Improved growth rates and resistance to insects and fungi. Soluble silicon promotes natural fungal defence mechanisms in plants, significantly reducing and, in many cases eliminating entirely, the need to use fungicides.

Silicon deposited in epidermal cell walls makes plants resistant to small sucking insects. The resulting increased mechanical strength in epidermal cell walls enhances leaf presentation and stem strength.

Soluble silicon enhances metabolic functions and improves pollen fertility, fruit and flower count.

The information above is taken from the following:
http://www.simplyhydro.com/benifits_of_silicone.htm

So, is it worth adding silicon to our tomato feed?
This is my first season using a soluble silicon supplement and I’ve been applying it as a foliar spray.

I’ll let you know the results later in the season, but I think that if it is only half as effective as the benefits above suggest, it is well worth a try – in a Summer like this, we need all the help we can get!
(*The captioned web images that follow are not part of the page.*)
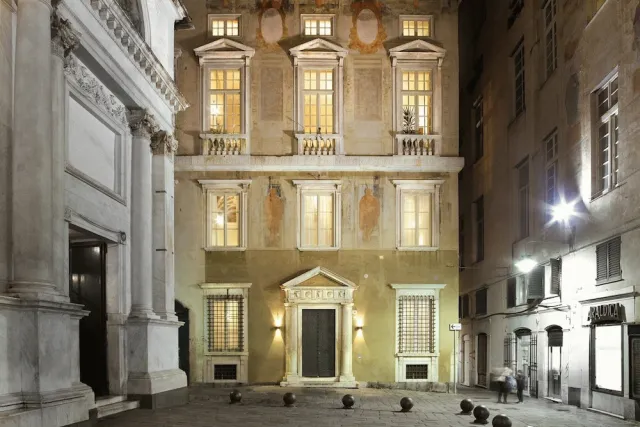 Bilder från hotellet Hotel Palazzo Grillo - nummer 1 av 39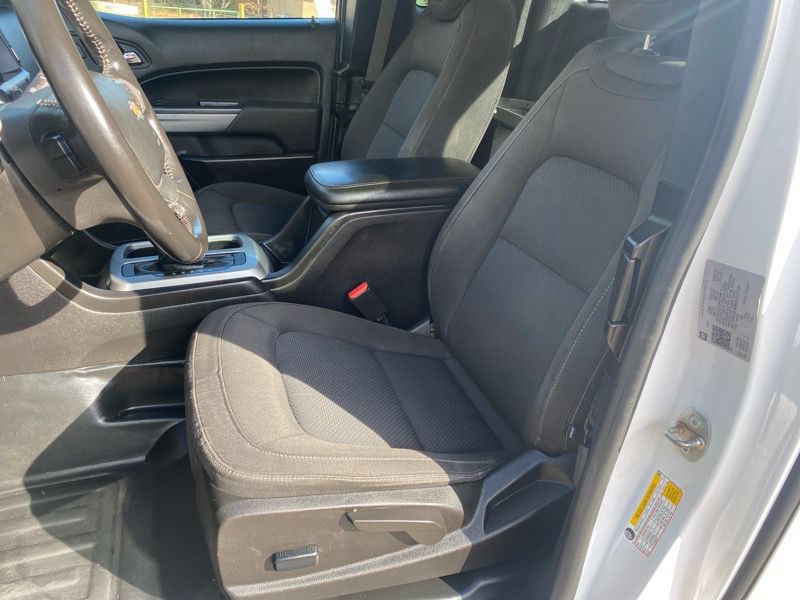 2022 Chevrolet Colorado Image 20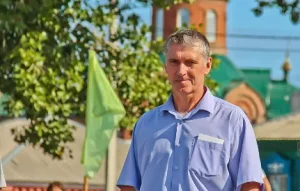 Сергей Карелин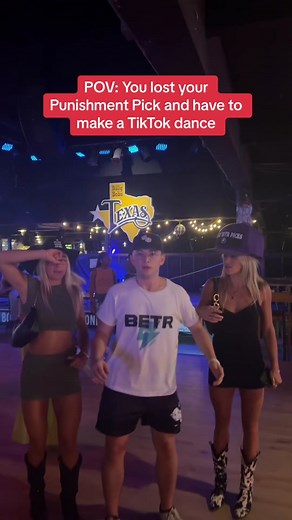 What punishment should we do next?@Handshake Bets @Hanna & Haley Cavinder #handshakebets #embarrassing #cringe #dance #loser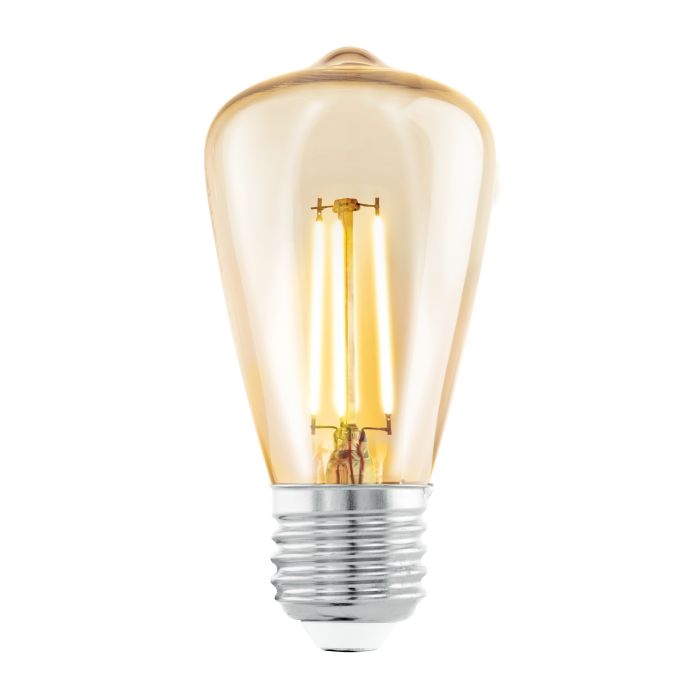 EGLO - Drop LED Bulb E27 - Incandescent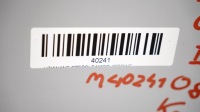 фото thumb №10, Задний бампер skoda octavia ii рестайлинг 08-13r универсал la7w pdc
Next: Feeding Tomatoes Part Seven

5 Responses

  1. Terry Cooney
    | Reply

    Hi Nick,
    I have thick green growth this year. I have to cut back a lot leaf to get air in.
    In reducing the leaf will I be cutting down the Sugar supply to the Tomatoes?
    (Beefsteaks are in clusters of four and about 1.5 and 3/4inches size.)
    A friend of ours has used seaweed for a number of years. Collects it in November drapes over a wall all winter ( It’s the long strip type) Then digs in-chops with sharp spade, 6 inches
    below clay surface. This is for both Potatoes and Tomatoes. Good results.
    Regards, Terry.

  2. Mark D
    | Reply

    I used to live in Cornwall and tried using bulk seaweed from the beach a few times. I added it to the compost heap and also trenched some for runner beans. But I never tried it with tomatoes particularly.

    I don’t remember my results being particularly good or bad. But it did pong a bit as it was breaking down!

  3. Rhys Jaggar
    | Reply

    Douglas

    I can tell you that tomatoes love the soluble seaweed extract that you can buy in garden centres. I’ve used it as a foliar spray this season and the results have been excellent. I don’t know how they make it, but if you can find a way to do it, I’d certainly recommend it!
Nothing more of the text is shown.